CLF : En effet, c’est un problème majeur. Les réfugiés palestiniens, syriens et autres minorités représentent plus d’un tiers de la population libanaise, estimée à environ 6 millions d’habitants. Il faut traiter en urgence cette question humanitaire qui constitue un lourd fardeau pour un pays qui affronte des crises multiples.

Et les problèmes qui touchent les hommes politiques pointés du doigt, et les conflits d’intérêts ?

CLF : Pour éviter que les problèmes rencontrés aujourd’hui ne se reproduisent pas demain, il faut interdire tout mandat politique et haute fonction administrative à toute personne née avant le 1er janvier 1970 ;  mettre en place un comité d’éthique, de transparence et  anti-corruption ; prévoir la création d’une Caisse de dépôt et de consignation gérée par l’état garantissant les dépôts bancaires et les retraits ainsi que le contrôle des dons nationaux et internationaux et des marchés publics ; nationaliser provisoirement toutes les banques et lancer un audit de transparence ; l’argent provenant du blanchiment, de la corruption, de la fraude et de toute source illégale doit être confisqué et versé au budget de l’état. Il convient d’interdire aux hommes politiques d’être actionnaires dans les banques et dans les sociétés vitales. Il faudrait adopter une politique « zéro tolérance » pour les fraudeurs. Confisquer les passeports et interdire de quitter le Liban à toute personne suspecte de corruption, de blanchiment d’argent ou de fraude. Créer une cour pénale spéciale pour les juger, et le cas échéant les châtier.

Quelles mesures urgentes devraient être prises sur les plans économiques et financiers ?
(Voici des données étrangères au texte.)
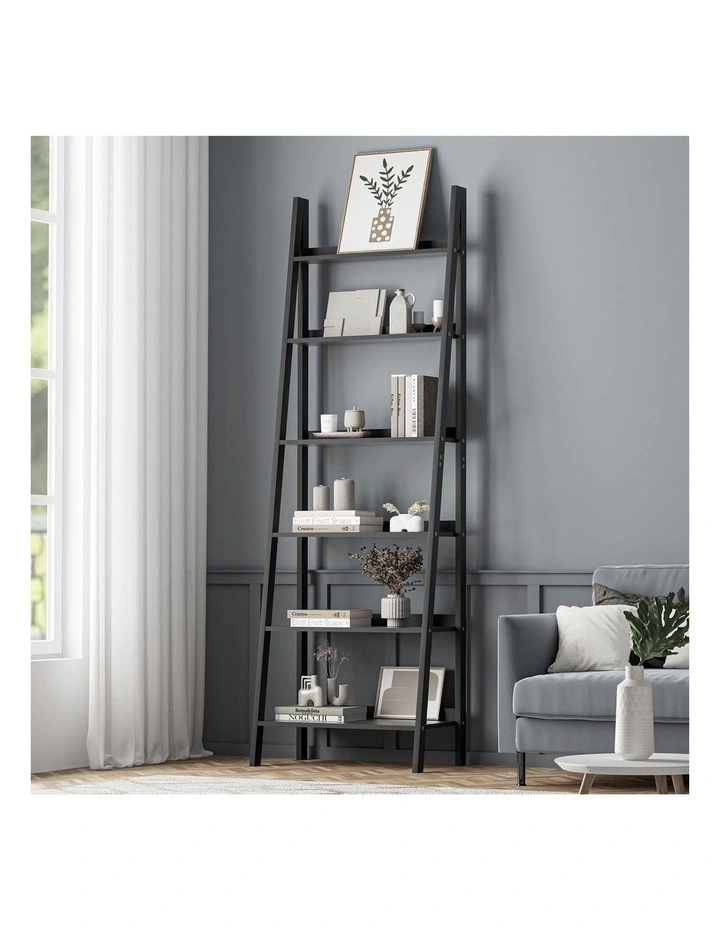 Oikiture Bookshelf 6 Tier Corner Ladder Shelf Home Storage Display Rack Black image 4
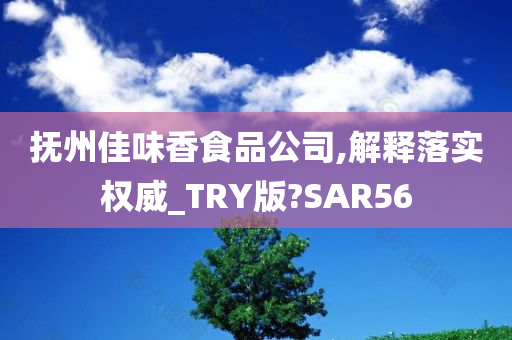 抚州佳味香食品公司,解释落实权威_TRY版?SAR56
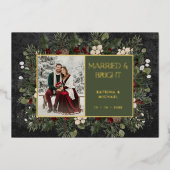 Married & Bright Winter Berries & Pine Black Photo Folie Feestdagenkaart (Voorkant)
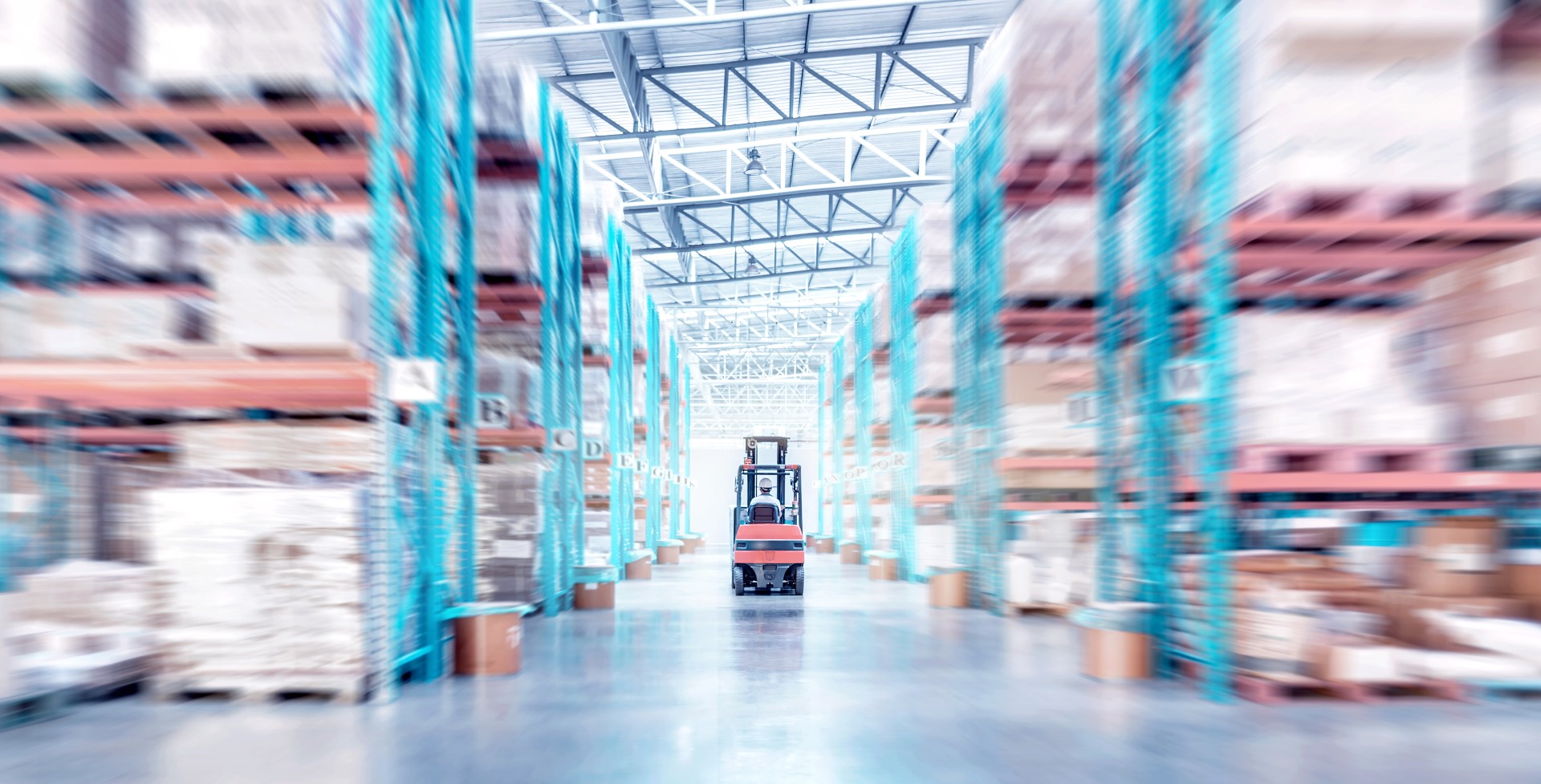 Forklift in warehouse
CLF : Il faudrait centraliser d’une manière contrôlée et transparente les aides financières espérées ainsi que les dons et toute rentrée d’argent dans les caisses de l’état. Réorganiser la Banque Centrale et trouver des solutions pour que la livre libanaise retrouve une valeur acceptable et stable. Il conviendrait d’interdire les marchés parallèles de change et le « marché noir » ; de nationaliser les sociétés vitales (Électricité, gaz, eau, ports, aéroports, etc.).

Pour travailler efficacement et sans délai, il faudrait lister les priorités et les réformes indispensables pour rétablir la confiance (Système bancaire et financier, justice, police, douanes éducation, santé, formation, apprentissage, familles, immigration …), et pour redonner confiance à la population meurtrie depuis des décennies, et un espoir à la jeunesse largement majoritaire dans le pays, assoiffée de justice, d’action, de nouveaux horizons et d’avenir.

Pour réussir l’action il faut agir immédiatement en créant un comité  pour la reconstruction du port et des quartiers dévastés de Beyrouth sous la surveillance vigilante et l’autorité de la commission internationale ; faire appel à la Diaspora libanaise dans le monde (14 millions de Libanais éparpillés) pour faire des dons, des investissements et un retour au pays, en mettant les Ambassadeurs à contribution. Pour mieux sensibiliser les Libanais vivant à l’étranger, il serait important de leur accorder le droit de vote comme cela se pratique dans les pays occidentaux, ce qui leur permettrait d’être davantage concernés par leur pays d’origine.

Enfin, il faudrait établir de nouvelles relations diplomatiques avec les pays voisins y compris avec Israël (le problème palestinien devra être traité séparément sur le plan international). Faire du Liban un pays neutre, indépendant, souverain dont la sécurité et l’intégrité de ses frontières seraient assurées par des traités de défense avec les trois pays cités et sous l’autorité de l’armée libanaise.

Tout un programme !

CLF : Oui, il s’agit d’un vaste programme. Il faut considérer la situation actuelle comme une opportunité pour mettre un terme à des décennies de dysfonctionnement et reconstruire un nouveau Liban à la hauteur des espérances de son peuple. Nous sommes convaincus que cela serait possible.

Je vous remercie pour ces propos et souhaite que votre Liban retrouve le calme, la sérénité et la prospérité, et qu’il redevienne « La Suisse de l’Orient » comme il fut surnommé jadis.